Review of Randall And Hopkirk (Deceased): Volume 5

6 / 10

Introduction


Randall and Hopkirk (Deceased) is one of the most fondly remembered of the ITC "Golden Age Of Television". These are the original episodes starring Kenneth Cope and Mike Pratt and are not to be confused with the Reeves and Mortimer remakes. Created by Dennis Spooner and Monty Berman, the show lasted a single twenty-six episode season before cancellation (Lew Grade had a rule - if it didn`t sell overseas it was finished).

The four episodes on this disc originally spanned New Year 1969-70 and feature a host of familiar faces in supporting roles, most of whom went on to bigger and better things.

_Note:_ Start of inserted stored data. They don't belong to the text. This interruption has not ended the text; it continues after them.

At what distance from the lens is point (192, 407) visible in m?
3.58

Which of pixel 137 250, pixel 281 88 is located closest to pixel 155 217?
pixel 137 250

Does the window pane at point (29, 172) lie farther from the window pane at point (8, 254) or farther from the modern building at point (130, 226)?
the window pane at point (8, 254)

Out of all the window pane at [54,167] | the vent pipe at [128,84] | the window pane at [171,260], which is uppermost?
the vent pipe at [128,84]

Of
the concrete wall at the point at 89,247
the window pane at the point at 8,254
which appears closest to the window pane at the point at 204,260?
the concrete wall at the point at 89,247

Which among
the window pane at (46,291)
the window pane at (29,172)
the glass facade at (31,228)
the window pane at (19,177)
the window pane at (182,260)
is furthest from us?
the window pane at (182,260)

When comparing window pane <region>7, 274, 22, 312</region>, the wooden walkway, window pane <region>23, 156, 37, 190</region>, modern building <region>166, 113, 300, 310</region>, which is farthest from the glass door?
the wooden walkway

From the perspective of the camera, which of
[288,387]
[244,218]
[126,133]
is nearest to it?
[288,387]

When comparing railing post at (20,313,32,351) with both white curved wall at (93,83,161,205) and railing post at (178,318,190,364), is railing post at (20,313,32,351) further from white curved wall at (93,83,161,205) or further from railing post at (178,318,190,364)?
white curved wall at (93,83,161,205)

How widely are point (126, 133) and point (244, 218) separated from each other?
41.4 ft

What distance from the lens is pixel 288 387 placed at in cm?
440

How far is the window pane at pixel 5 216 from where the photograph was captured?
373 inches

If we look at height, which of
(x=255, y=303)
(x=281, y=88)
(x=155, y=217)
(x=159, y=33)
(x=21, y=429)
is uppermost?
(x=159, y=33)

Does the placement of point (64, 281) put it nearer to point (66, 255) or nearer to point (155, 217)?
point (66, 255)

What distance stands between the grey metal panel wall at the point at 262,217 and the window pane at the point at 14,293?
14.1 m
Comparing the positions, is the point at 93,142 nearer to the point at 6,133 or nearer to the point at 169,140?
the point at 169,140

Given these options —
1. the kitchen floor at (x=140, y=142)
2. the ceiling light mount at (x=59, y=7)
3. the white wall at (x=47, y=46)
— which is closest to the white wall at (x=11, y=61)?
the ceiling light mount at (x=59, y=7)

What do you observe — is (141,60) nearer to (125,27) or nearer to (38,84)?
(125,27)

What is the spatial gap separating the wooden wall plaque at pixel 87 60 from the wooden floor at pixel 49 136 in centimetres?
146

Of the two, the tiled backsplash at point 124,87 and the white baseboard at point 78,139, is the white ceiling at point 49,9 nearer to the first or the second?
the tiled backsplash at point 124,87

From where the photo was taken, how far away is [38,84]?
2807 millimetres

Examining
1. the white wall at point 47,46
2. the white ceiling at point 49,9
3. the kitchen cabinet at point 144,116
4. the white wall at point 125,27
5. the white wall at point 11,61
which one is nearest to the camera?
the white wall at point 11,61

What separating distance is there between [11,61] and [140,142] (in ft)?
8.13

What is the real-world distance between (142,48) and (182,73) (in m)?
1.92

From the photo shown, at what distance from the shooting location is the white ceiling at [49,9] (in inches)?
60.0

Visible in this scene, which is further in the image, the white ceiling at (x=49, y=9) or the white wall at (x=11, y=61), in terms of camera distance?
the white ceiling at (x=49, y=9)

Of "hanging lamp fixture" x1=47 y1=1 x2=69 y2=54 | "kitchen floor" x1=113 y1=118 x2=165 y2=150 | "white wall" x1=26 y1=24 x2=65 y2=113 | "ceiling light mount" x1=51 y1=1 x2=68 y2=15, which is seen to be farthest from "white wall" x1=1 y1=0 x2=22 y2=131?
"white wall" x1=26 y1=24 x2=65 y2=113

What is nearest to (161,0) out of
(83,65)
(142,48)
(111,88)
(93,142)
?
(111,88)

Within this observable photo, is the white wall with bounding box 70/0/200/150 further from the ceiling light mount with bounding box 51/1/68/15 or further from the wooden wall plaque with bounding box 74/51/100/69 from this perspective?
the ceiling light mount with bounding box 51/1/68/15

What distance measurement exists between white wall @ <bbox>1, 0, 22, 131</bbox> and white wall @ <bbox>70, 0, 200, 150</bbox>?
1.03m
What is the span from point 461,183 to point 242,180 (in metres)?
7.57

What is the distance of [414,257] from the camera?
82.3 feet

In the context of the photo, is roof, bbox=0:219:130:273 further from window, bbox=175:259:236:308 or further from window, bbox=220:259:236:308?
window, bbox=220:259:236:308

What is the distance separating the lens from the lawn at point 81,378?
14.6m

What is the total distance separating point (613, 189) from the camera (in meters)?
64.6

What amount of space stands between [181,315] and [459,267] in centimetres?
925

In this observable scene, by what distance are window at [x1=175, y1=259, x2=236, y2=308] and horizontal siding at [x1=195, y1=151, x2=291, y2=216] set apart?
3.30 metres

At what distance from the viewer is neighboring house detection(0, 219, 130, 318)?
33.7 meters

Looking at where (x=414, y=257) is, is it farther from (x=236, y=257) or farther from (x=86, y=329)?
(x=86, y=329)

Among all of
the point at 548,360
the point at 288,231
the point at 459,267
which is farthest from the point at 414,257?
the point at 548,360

Trivial Pursuit types should note Mike Pratt (Jeff Randall) was responsible for writing the Tommy Steele hit "Little White Bull".



Video


As ever, Carlton have made an effort to clean up the series for disc although the vintage of the source material can never be really immaculate. Having said that, you will never see this great series looking better. Presented in its original tv aspect ratio.



Audio


Only Mono



Features


English HOH subtitles and a small stills gallery.



Conclusion


A fine addition to a series collection, but as a standalone souvenir of a great series not a patch on the first two discs in the collection. Smashing stuff nonetheless.

Your Opinions and Comments

Having said that, you will never see this great series looking better.

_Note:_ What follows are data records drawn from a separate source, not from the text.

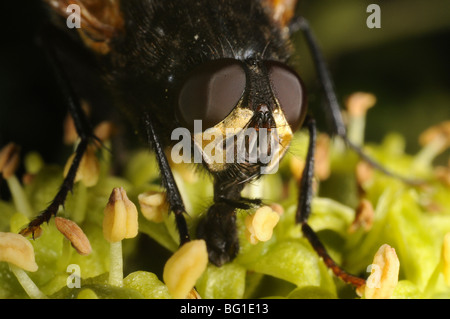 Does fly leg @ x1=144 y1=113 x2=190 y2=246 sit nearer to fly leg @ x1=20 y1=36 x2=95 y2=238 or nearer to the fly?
the fly

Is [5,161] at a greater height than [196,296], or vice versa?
[5,161]

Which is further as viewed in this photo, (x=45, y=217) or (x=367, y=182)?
(x=367, y=182)

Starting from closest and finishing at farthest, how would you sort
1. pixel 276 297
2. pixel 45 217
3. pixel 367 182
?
1. pixel 276 297
2. pixel 45 217
3. pixel 367 182

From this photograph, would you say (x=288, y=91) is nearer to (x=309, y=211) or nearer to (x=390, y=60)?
(x=309, y=211)

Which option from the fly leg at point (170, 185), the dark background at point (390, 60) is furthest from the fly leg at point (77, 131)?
the dark background at point (390, 60)

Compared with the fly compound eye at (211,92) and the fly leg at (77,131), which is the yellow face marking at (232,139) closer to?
the fly compound eye at (211,92)

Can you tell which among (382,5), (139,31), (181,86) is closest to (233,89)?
(181,86)

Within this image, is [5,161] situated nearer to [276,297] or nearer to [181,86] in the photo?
[181,86] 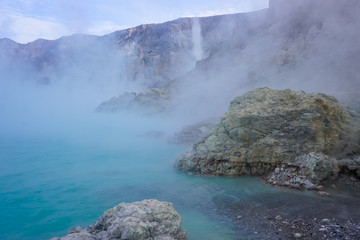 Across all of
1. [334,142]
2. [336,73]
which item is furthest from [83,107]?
[334,142]

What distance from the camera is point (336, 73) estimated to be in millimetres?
20891

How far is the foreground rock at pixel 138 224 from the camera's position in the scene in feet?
14.6

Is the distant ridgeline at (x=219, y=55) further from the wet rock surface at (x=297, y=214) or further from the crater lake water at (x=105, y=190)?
the crater lake water at (x=105, y=190)

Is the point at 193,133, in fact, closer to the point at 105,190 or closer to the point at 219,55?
the point at 105,190

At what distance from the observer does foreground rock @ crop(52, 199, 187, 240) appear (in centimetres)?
446

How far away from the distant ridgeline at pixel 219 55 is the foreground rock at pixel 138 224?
1237cm

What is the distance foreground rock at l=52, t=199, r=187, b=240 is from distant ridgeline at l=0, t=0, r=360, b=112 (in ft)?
40.6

I beg to differ Mark...ten years on and we had that sparkling Blu-Ray rendition on the excellent Network 'Retro Action!' set.  An uncharacteristically scant review too. I guess this was because these series got released one disc at a time in them there days....
posted by Stuart McLean on 24/3/2012 18:45
Well precisely.  The Carlton releases were as good as things got in the early noughties.  Blu-ray was only a twinkle in the Sony engineers' eyes.  I'm not even sure Network was open for business then - or at least they weren't putting ITC shows out.

You were only getting four episodes to a disc in those days, and the completion of the run was never guaranteed - look at Jason King which never got further than an initial disc.  Once you'd reviewed one disc, there was only so much you could repeat from disc to disc without looking like you were cut and pasting the whole review.